(Crawled caption data)
__________________________________________________

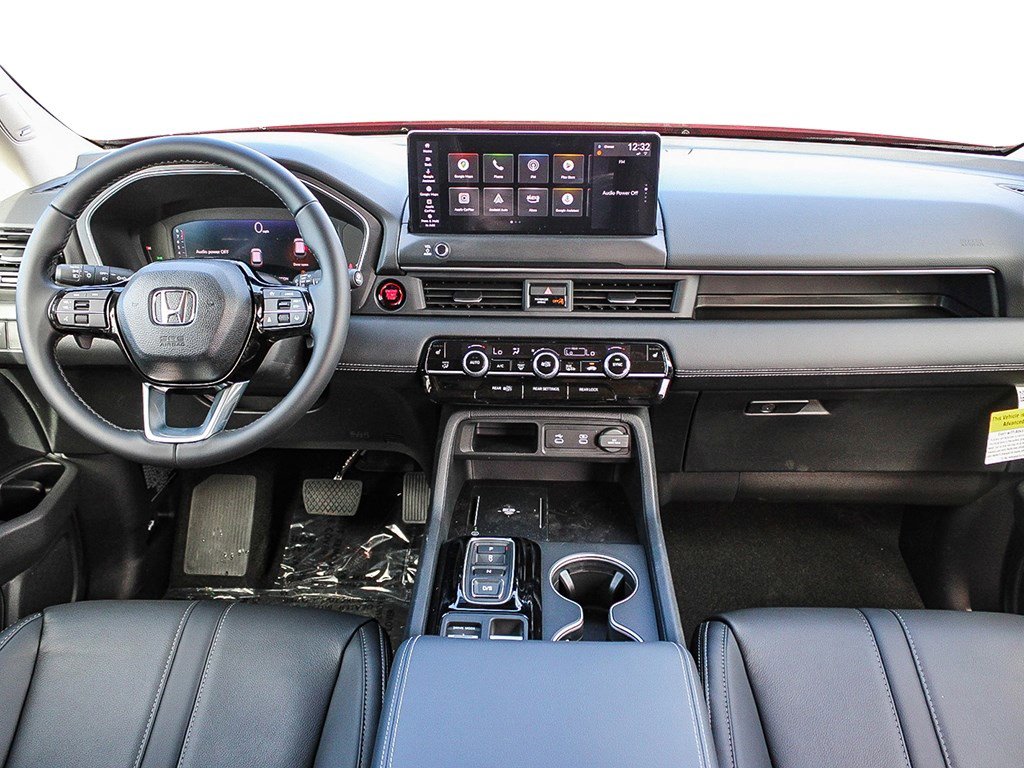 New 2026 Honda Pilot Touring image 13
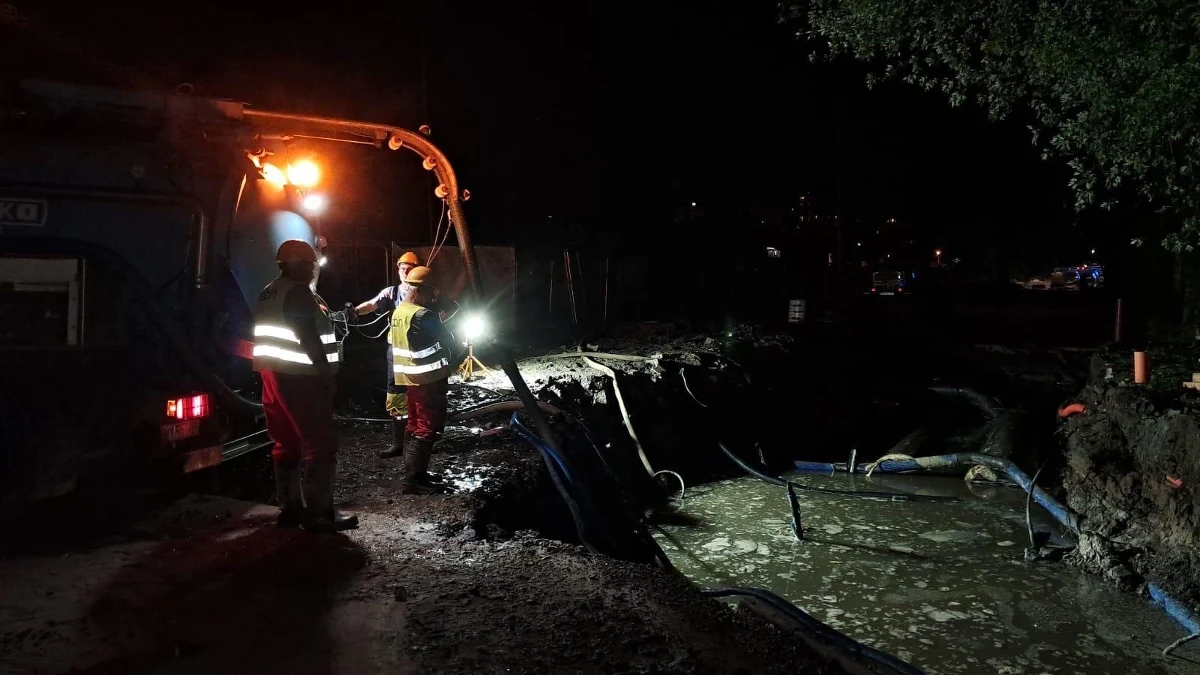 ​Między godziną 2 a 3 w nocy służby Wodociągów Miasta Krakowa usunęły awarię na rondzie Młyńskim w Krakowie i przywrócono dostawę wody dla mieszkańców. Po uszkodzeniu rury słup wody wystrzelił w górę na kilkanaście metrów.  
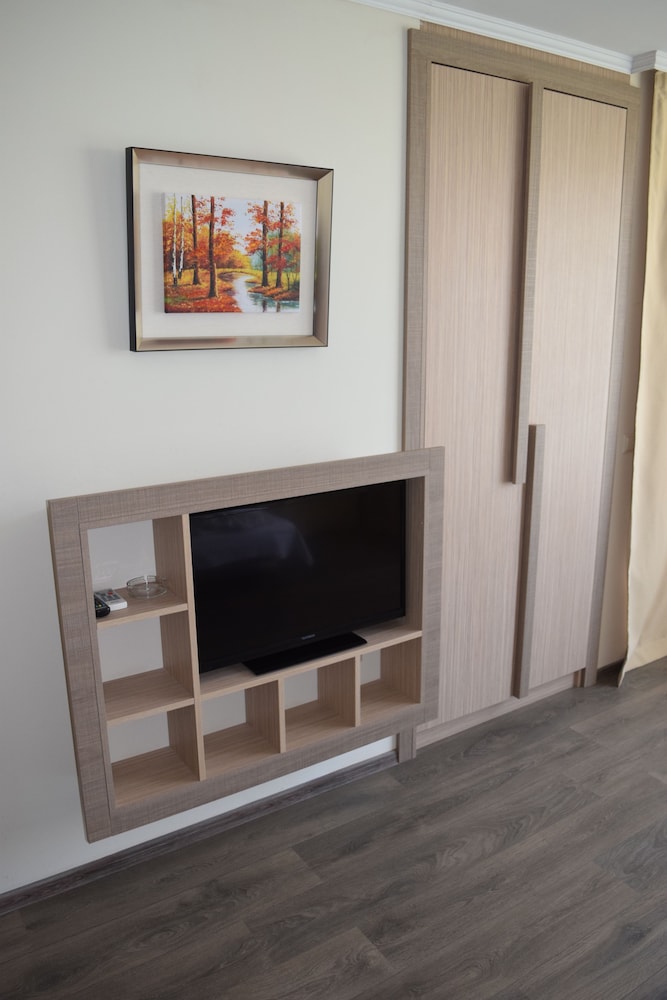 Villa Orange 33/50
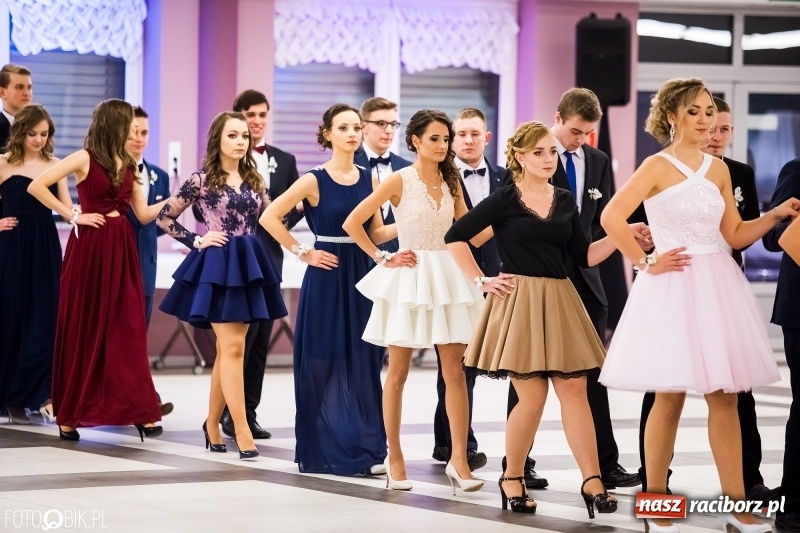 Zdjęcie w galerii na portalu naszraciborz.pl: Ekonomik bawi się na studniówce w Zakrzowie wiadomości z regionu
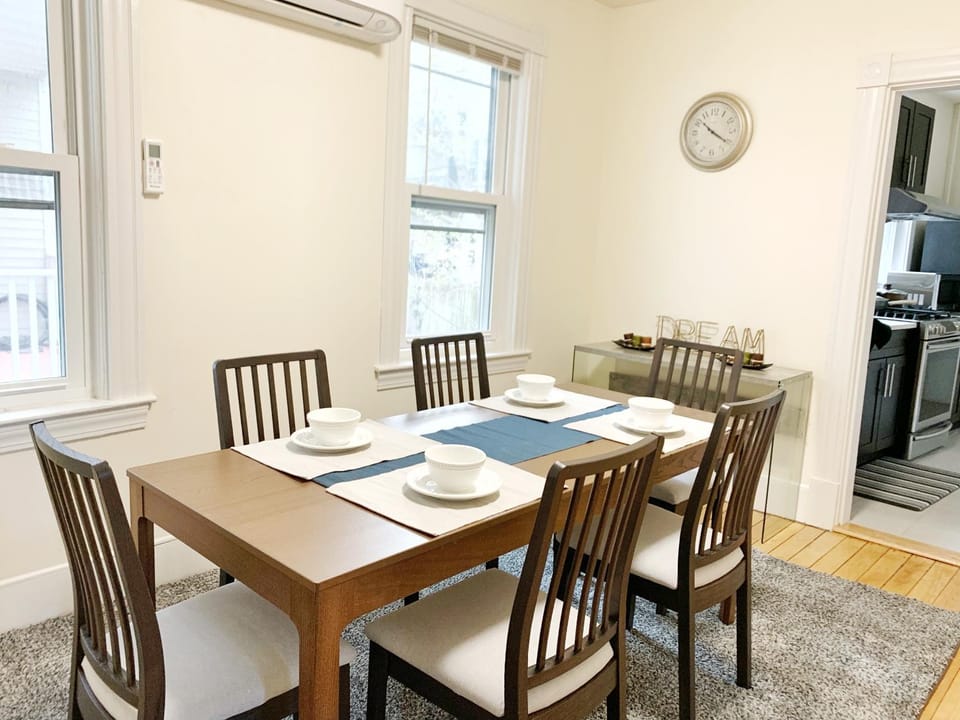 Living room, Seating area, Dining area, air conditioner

__________________________________________________

▶ What needs to be done:
Exact copy, pictures excluded: print only the lines from the line containing "Villa Orange 33/50" through the end of the records.

▶ Result of the exercise:
 Villa Orange 33/50
 Zdjęcie w galerii na portalu naszraciborz.pl: Ekonomik bawi się na studniówce w Zakrzowie wiadomości z regionu
 Living room, Seating area, Dining area, air conditioner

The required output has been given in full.